# how many amps can a telephone handset wire handle



## degarb (Oct 4, 2008)

Wanting to mod a flashlight to head lamp.

My idea is the sears' gooseneck design with a flashlight head affixed onto shapeable wire, and use curly telephone cord down to an external battery pack (probably slung around my neck).

So, at radio shack don't see curly wire suitable for flexible conduction. (On an aside, this wire type would also help fix earbud issue of one month breakage guarantee.) Thinking telephone handset cord, and doubling up channels. 

Also, yet to go to lowes to see if I can get a flexible yet rigid wire that would allow all angles needed for a head (right, left, up and down).

My question is: If no common alternatives available locally, how many amps can a curly telephone wire handle, and how many if doubled.

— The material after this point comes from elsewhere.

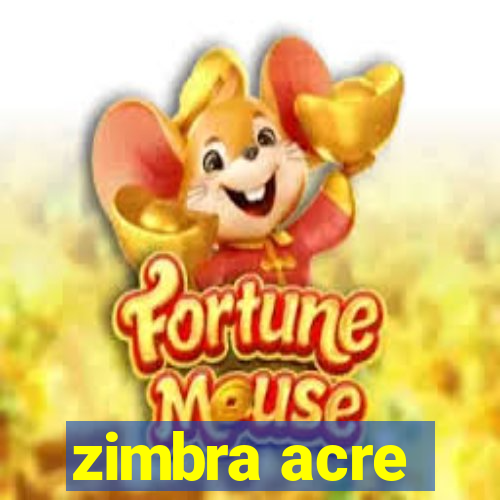 zimbra acre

Could this create a flame nuissance for my head, or not. (I do hate the smell of burning hair.) And does anyone know of a common rigid but reshapeable wire that can be purchased that would suit this need.


----------



## Torque1st (Oct 4, 2008)

One word: Don't.

If you want to try it run your device with it and measure the voltage drop from one end to the other. Then calculate the dissipation.

Visit your local electrical supply store. Test lead wire is flexible. You can also buy silicone insulted heavy gage flexible wire at hobby stores.


----------



## precisionworks (Oct 4, 2008)

Handset cord is commonly 24 gauge.

In free air (single conductor) the rating is 3.50a, but in a bundle (like a handset cord) the rating drops to only 0.58a


----------



## TigerhawkT3 (Oct 4, 2008)

You can use Loc-Line (from the Shoppe) or cannibalize the flexible neck from another device. I can't help you with the curly cord. :thinking:


----------



## gadget_lover (Oct 5, 2008)

The wire you will find in a headset cord will vary greatly. There have been no standards since the breakup of AT&T.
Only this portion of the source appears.